On Thu, Mar 21, 2019 at 9:51 PM Jason -Zhong Sheng- Hu <fdhzs2010 AT hotmail.com> wrote:

Hi,

consider a type `T` and an inductively defined proposition `P : T -> Prop`. theorem `foo : forall (t : T), P t -> Q t` is proved by doing an induction on `t` and then `P t`.

however, inside of `foo`, in each case of `t`, I will need another theorem `bar : forall (t : T), P t -> R t`, which is proved by induction on `P t` and some cases require `foo`.

What about proving

Lemma foobar: forall (t: T), P t -> Q t /\ R t.

with a single induction on "P t" ?  Then, "foo" and "bar" are trivial corollaries.

- Xavier Leroy

since `bar` always operate on smaller `P t` instances, so these two theorems are true, but just mutually dependent.

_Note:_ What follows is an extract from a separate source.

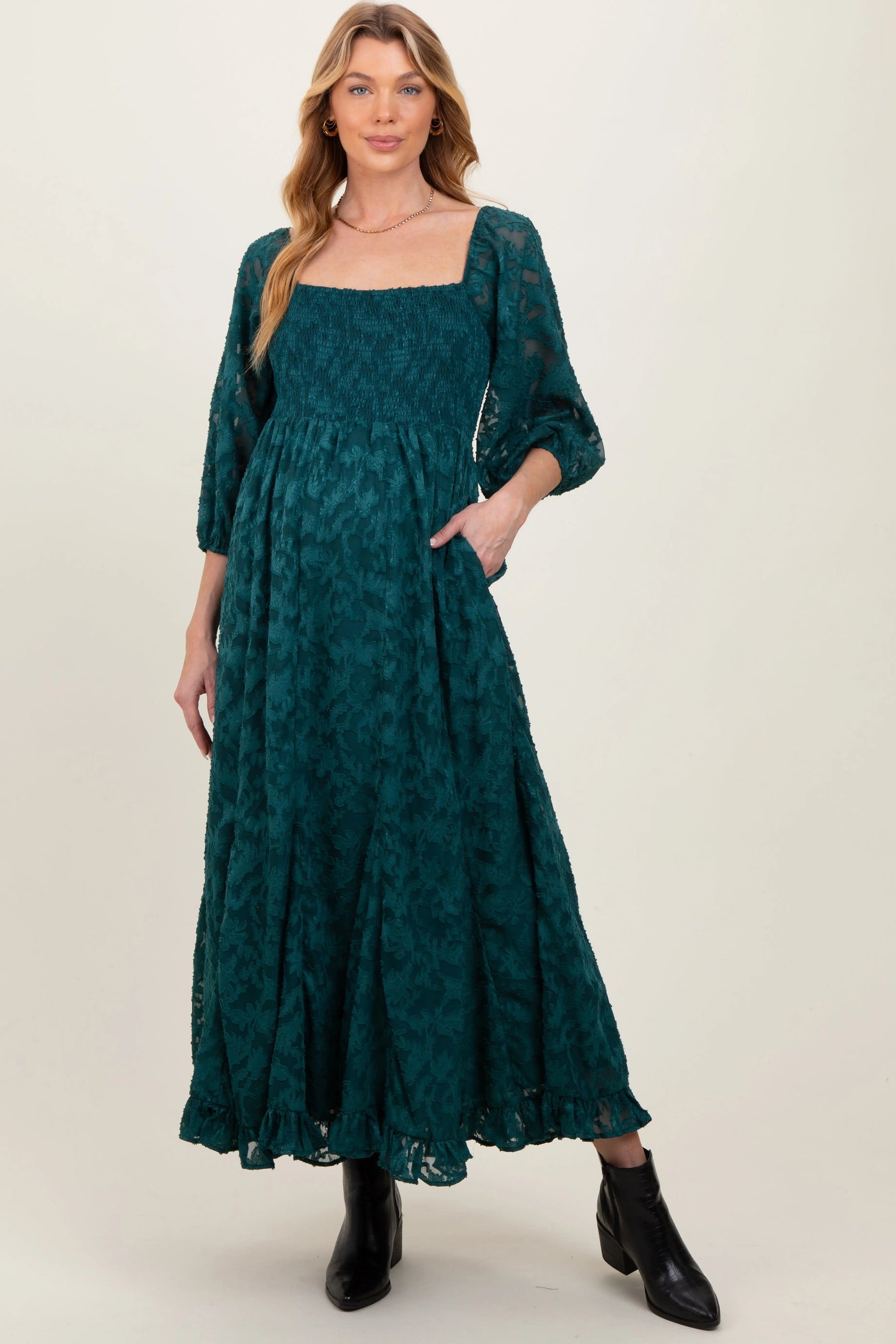PinkBlush Forest Green Textured Overlay Smocked Ruffled Hem Maternity Maxi Dress - 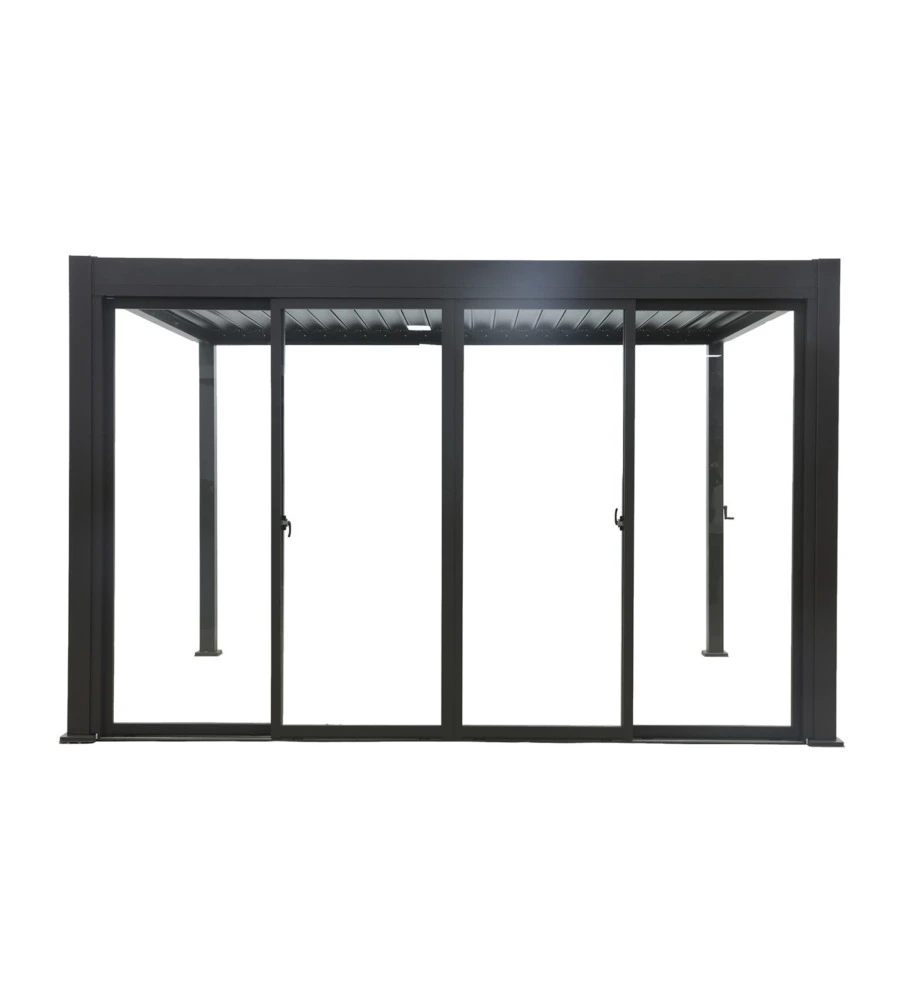 SET 4 VETRI SCORREVOLI PER PERGOLA BIOCLIMATICA EUROGARDEN ATENA IN VETRO TEMPERATO GRIGIO LATO 4 MT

my problem is, I am not sure how to organize this proof to make it shorter. clearly, I can prove `bar` for each particular `t` but it pointlessly adds so much more identical proofs. On the other hand, `foo` and `bar` are not structurally mutually recursive either, because `foo` decreases on `T` while `bar` decreases on `P t`, which stops me from using Fixpoint.

Is there any way to organize the proof, so that I only need to prove `foo` and `bar` once?

Sincerely Yours,

Jason Hu